Printed from : The Leisure Media Co Ltd

17 Dec 2014


When we burn fat, how does our body get rid of it?
BY Jak Phillips

When we burn fat, how does our body get rid of it?

Despite generally being good at helping clients banish excess fat, a surprisingly high number of personal trainers and health professionals have little or no idea of where it actually goes.

That is the finding of a new study from the University of New South Wales, which examined the biochemistry of weight loss and the ignorance that surrounds it.

The most common misconception among health professionals is that the missing mass has been converted into energy or heat. More than half of the 150 doctors, dieticians and personal trainers who were surveyed thought the fat was converted to energy or heat.

"There is surprising ignorance and confusion about the metabolic process of weight loss," said professor Andrew Brown, head of the UNSW School of Biotechnology and Biomolecular Sciences.

"The correct answer is that most of the mass is breathed out as carbon dioxide. It goes into thin air," said the study's lead author, Ruben Meerman, a physicist and Australian TV science presenter.

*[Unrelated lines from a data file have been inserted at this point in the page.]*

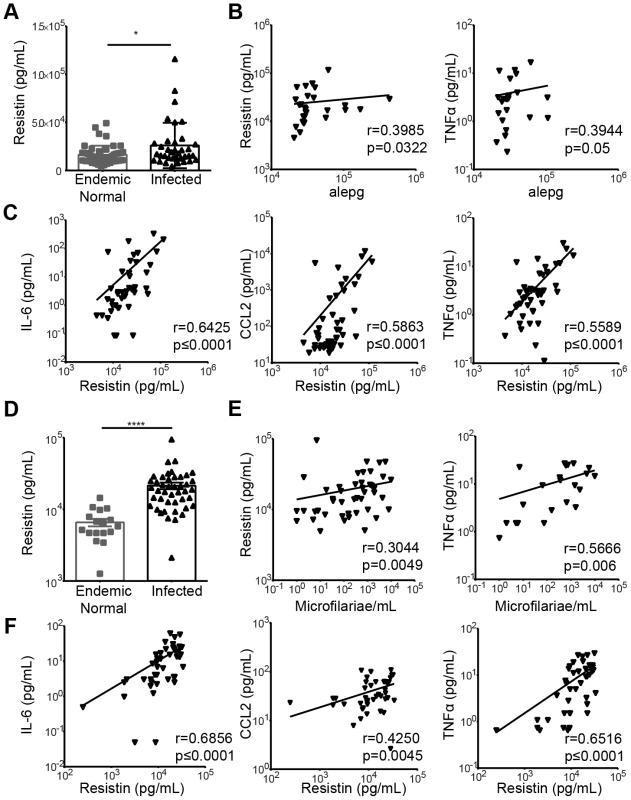 Expression of resistin in human patients infected with STH or filarial nematodes.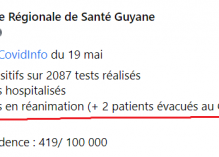 100% des patients Covid hospitalisés en ce moment en Guyane n’étaient pas vaccinés selon plusieurs autorités sanitaires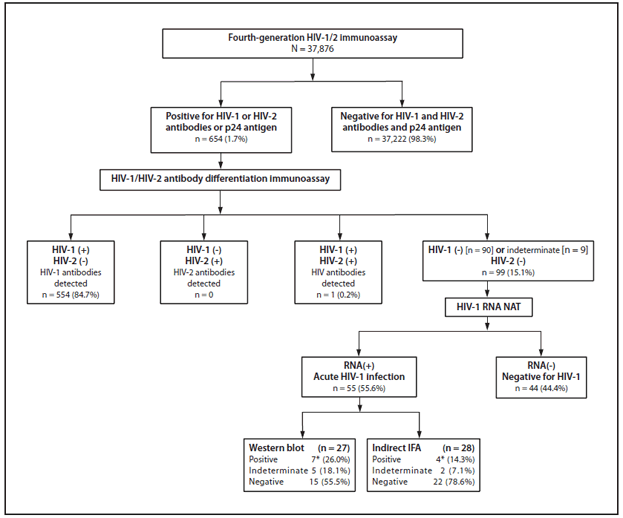The figure is a flowchart depicting a fourth-generation HIV-1/2 immunoassay test results with the new HIV diagnostic testing algorithm.
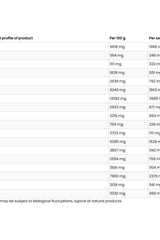 Nutritional profile table for OstroVit VEGE Protein Blend per 100g and per serving.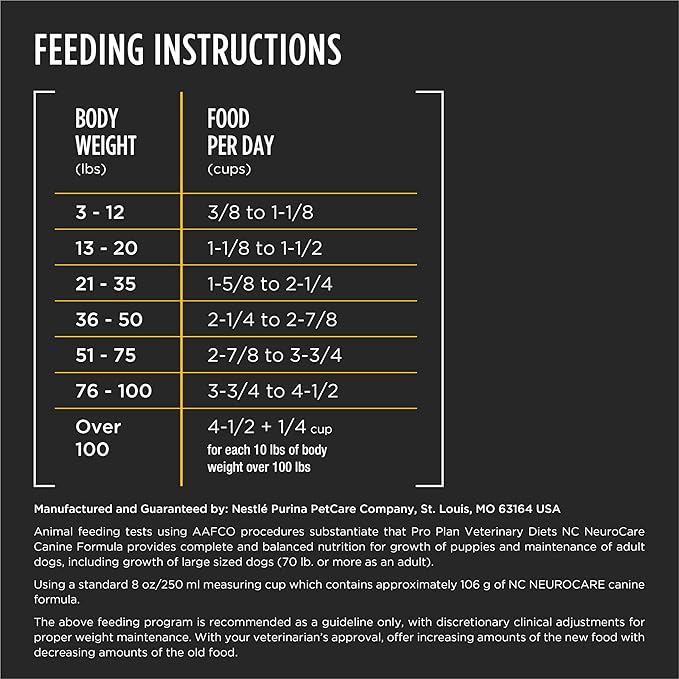 Pro Plan Veterinary Diets Purina NC NeuroCare Canine Formula High Protein Dog Food - 11 lb. Bag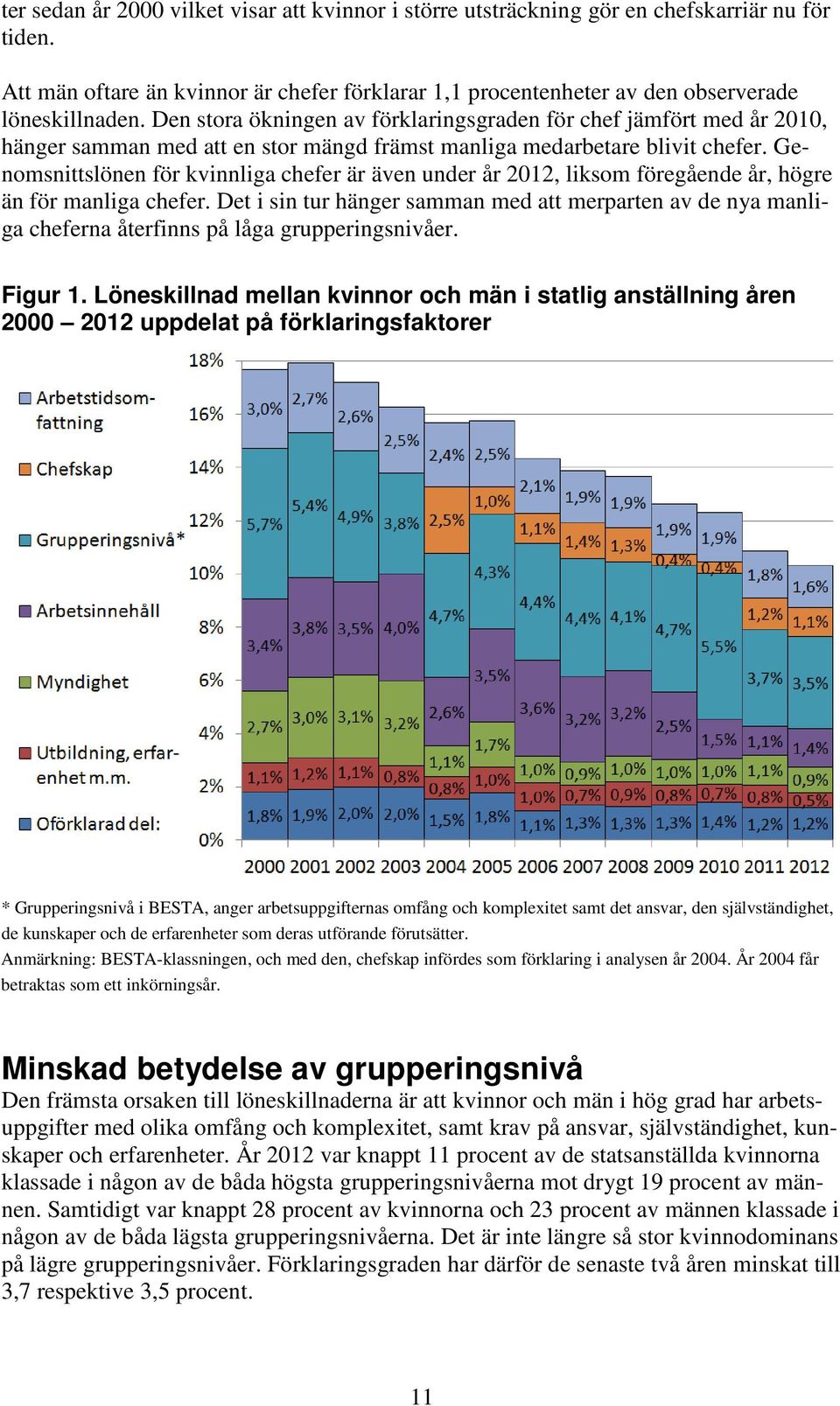 Genomsnittslönen för kvinnliga chefer är även under år 2012, liksom föregående år, högre än för manliga chefer.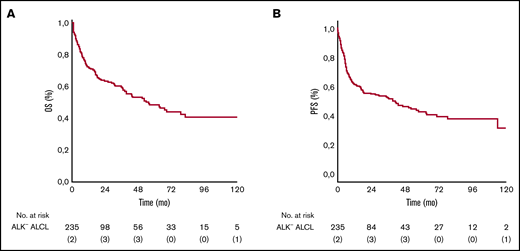 OS and PFS. Kaplan-Meier analysis of OS and PFS in ALK– ALCL patients. (A) Five-year rate of OS was 49% (95% CI, 35-59). (B) Five-year rate of PFS was 43% (95% CI, 20-69).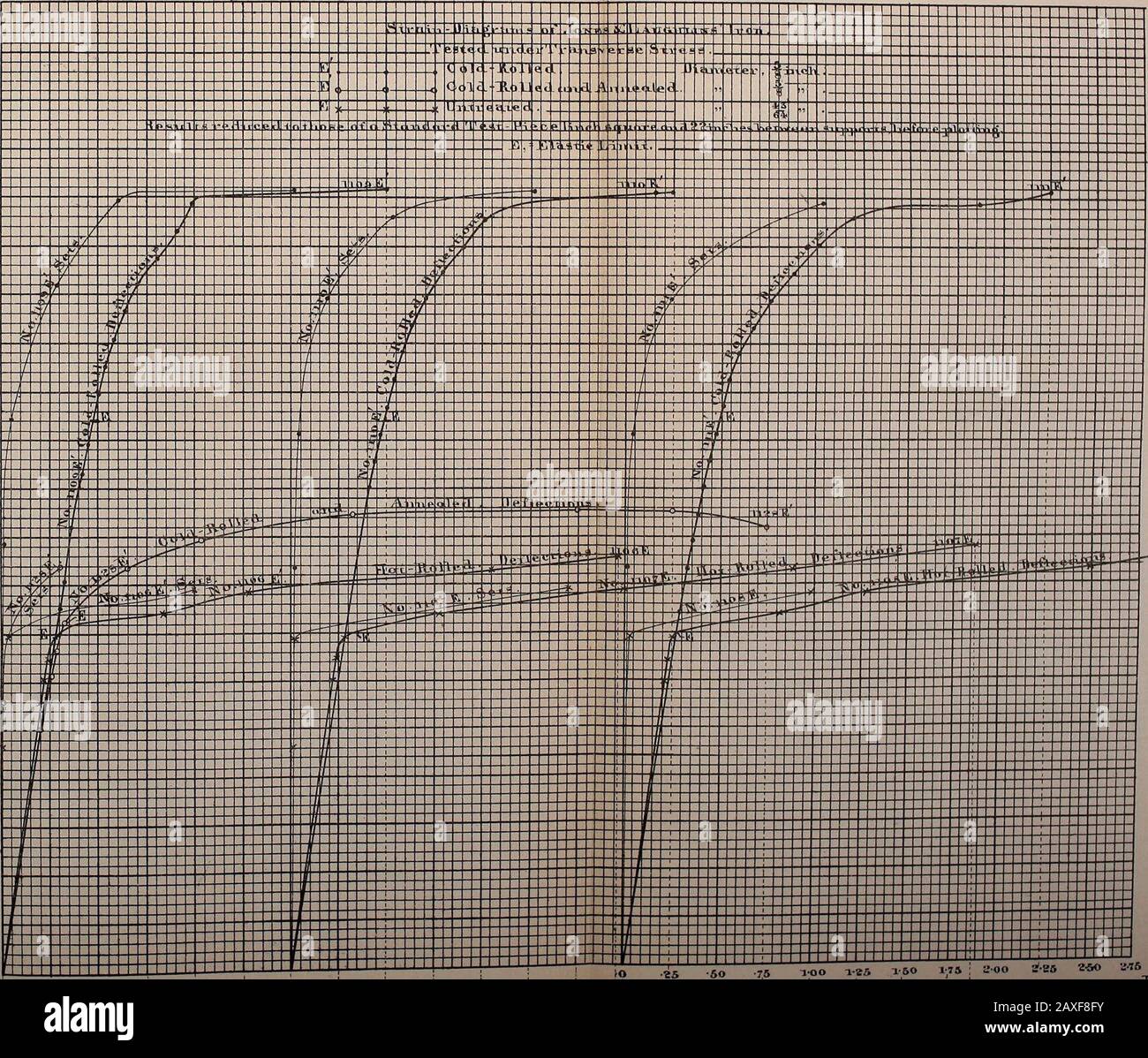 3w F Fotos E Imagenes De Stock Alamy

In the paper When somebody loses weight, where does the fat go, published in the BMJ, the authors show that losing 10 kilograms of fat requires 29 kilograms of oxygen to be inhaled. This metabolic process produces 28 kilograms of carbon dioxide and 11 kilograms of water.
"None of this is obvious to people because the carbon dioxide gas we exhale is invisible," added Meerman.

"This violates the Law of Conservation of Mass. We suspect this misconception is caused by the energy in/energy out mantra surrounding weight loss."

The paper’s authors note that there is a “surprising unfamiliarity” about basic aspects of human biology. They recommend that the concept should be included in secondary school curricula and university biochemistry courses to correct the widespread misconceptions about weight loss.